[cfe-dev] [llvm-dev] [lldb-dev] [GitHub] RFC: Enforcing no merge commit policy

Thu Mar 21 08:33:00 PDT 2019

A vague and probably incorrect, but hopefully helpful answer.

For the theoretical purposes, every git commit contains a full, 
self-contained snapshot of the source tree, and this snapshot has, 
theoretically, nothing to do with what the "previous" state of the tree 
was. It's easier not to think about commits as if they are diffs - think 
of them as of full snapshots. It's, of course, more efficient than that 
under the hood, but that's more or less irrelevant.

In this sense, parent commit references are just pieces of metadata 
attached to that snapshot, but they don't need to be indicative of 
anything. Of course, when creating a new commit, the parent commit must 
already exist in the current checkout, so the chain of commits does 
indeed look like some sort of a history, but that's about it.

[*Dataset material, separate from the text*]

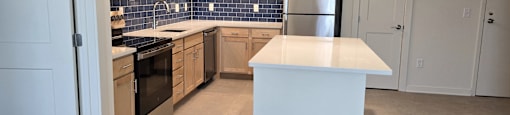 A kitchen with a white island in the middle.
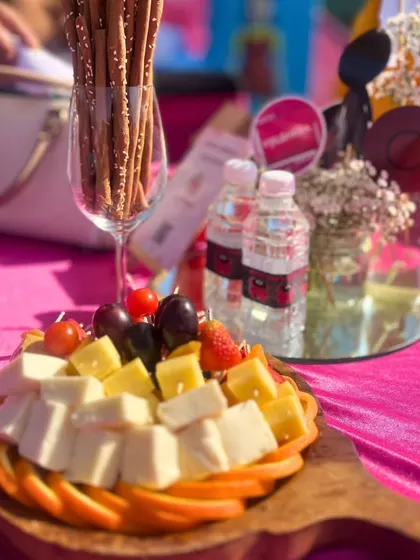 Part of our Squid Game themed party, this cheese and fruit platter on a rustic wooden board shows how we can integrate classic offerings into any creative event theme.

In particular, there's nothing that prevents a commit from having 
multiple parent commits. Such commits are called merge commits and they 
can be thought of as describing a specific state into which the source 
tree has transitioned after multiple people have been doing their work 
independently, without synchronizing with each other. When the merge 
commit is being made, it doesn't require any of those people or anyone 
else to anyhow agree upon the order in which they were doing their work. 
It is only necessary for the committer to define the final state of the 
source tree (which is, well, "the" commit).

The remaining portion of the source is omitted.